## [Exercise details]
A faithful, complete copy of the entries below is required, with images removed.

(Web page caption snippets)
· · · · · · ·

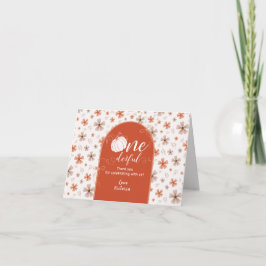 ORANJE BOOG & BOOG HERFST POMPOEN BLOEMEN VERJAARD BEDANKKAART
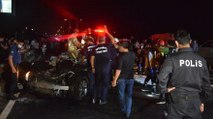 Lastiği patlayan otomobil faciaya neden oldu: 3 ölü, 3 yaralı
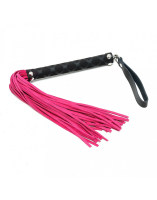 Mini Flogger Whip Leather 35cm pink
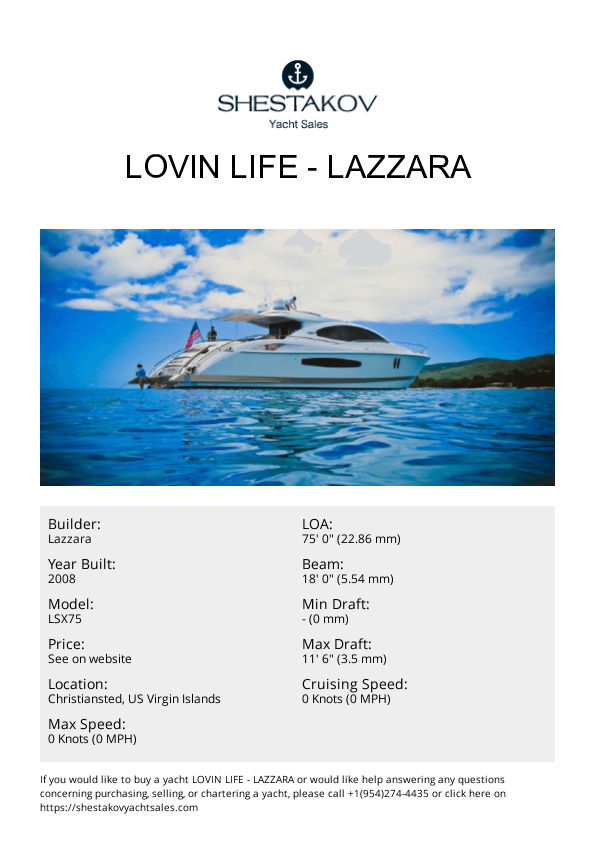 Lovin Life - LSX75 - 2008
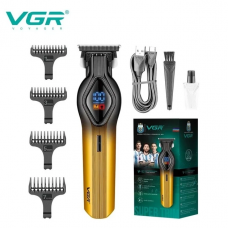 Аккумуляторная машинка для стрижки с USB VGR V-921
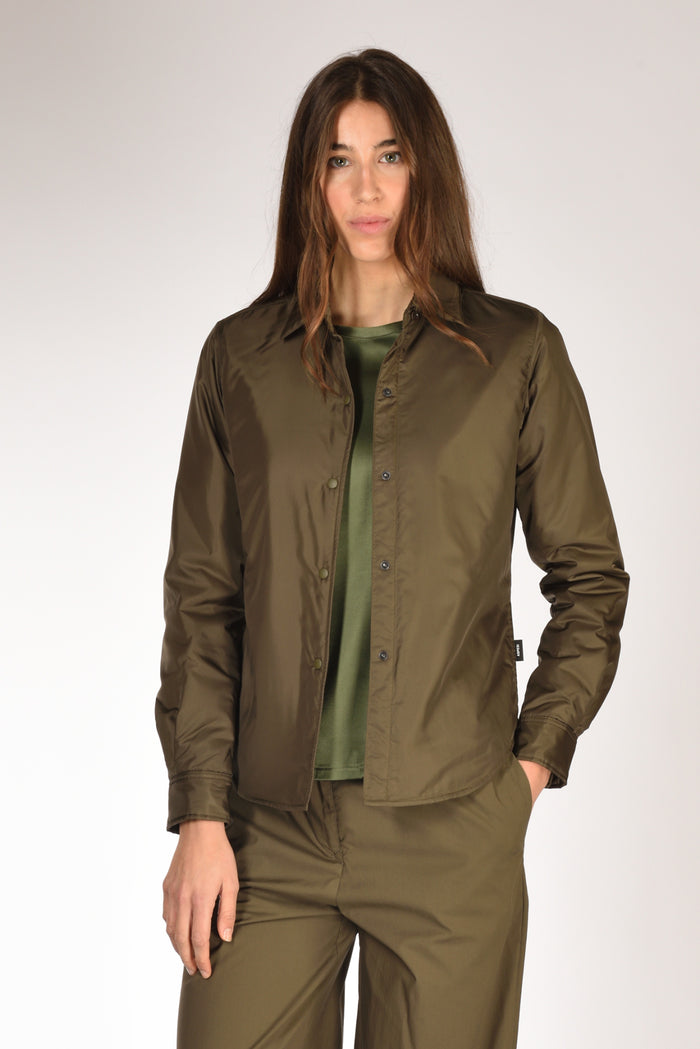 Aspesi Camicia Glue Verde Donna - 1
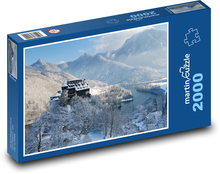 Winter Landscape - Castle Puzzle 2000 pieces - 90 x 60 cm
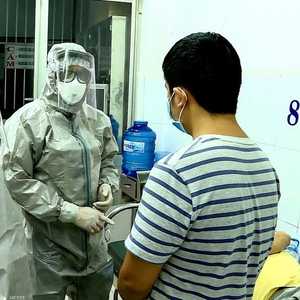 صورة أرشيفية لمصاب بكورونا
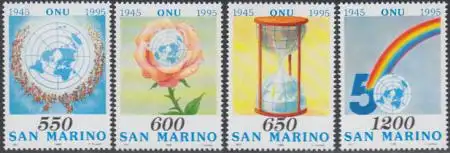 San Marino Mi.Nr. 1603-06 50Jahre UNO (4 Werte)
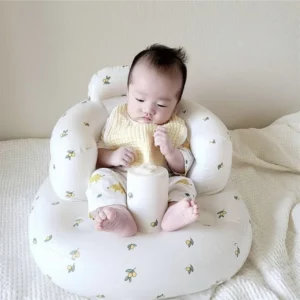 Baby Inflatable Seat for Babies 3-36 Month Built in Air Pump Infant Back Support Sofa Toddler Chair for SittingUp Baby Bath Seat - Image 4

· · · · · · ·

## [Exercise response]
 ORANJE BOOG & BOOG HERFST POMPOEN BLOEMEN VERJAARD BEDANKKAART
 Lastiği patlayan otomobil faciaya neden oldu: 3 ölü, 3 yaralı
 Mini Flogger Whip Leather 35cm pink
 Lovin Life - LSX75 - 2008
 Аккумуляторная машинка для стрижки с USB VGR V-921
 Aspesi Camicia Glue Verde Donna - 1
 Winter Landscape - Castle Puzzle 2000 pieces - 90 x 60 cm
 صورة أرشيفية لمصاب بكورونا
 San Marino Mi.Nr. 1603-06 50Jahre UNO (4 Werte)
 Baby Inflatable Seat for Babies 3-36 Month Built in Air Pump Infant Back Support Sofa Toddler Chair for SittingUp Baby Bath Seat - Image 4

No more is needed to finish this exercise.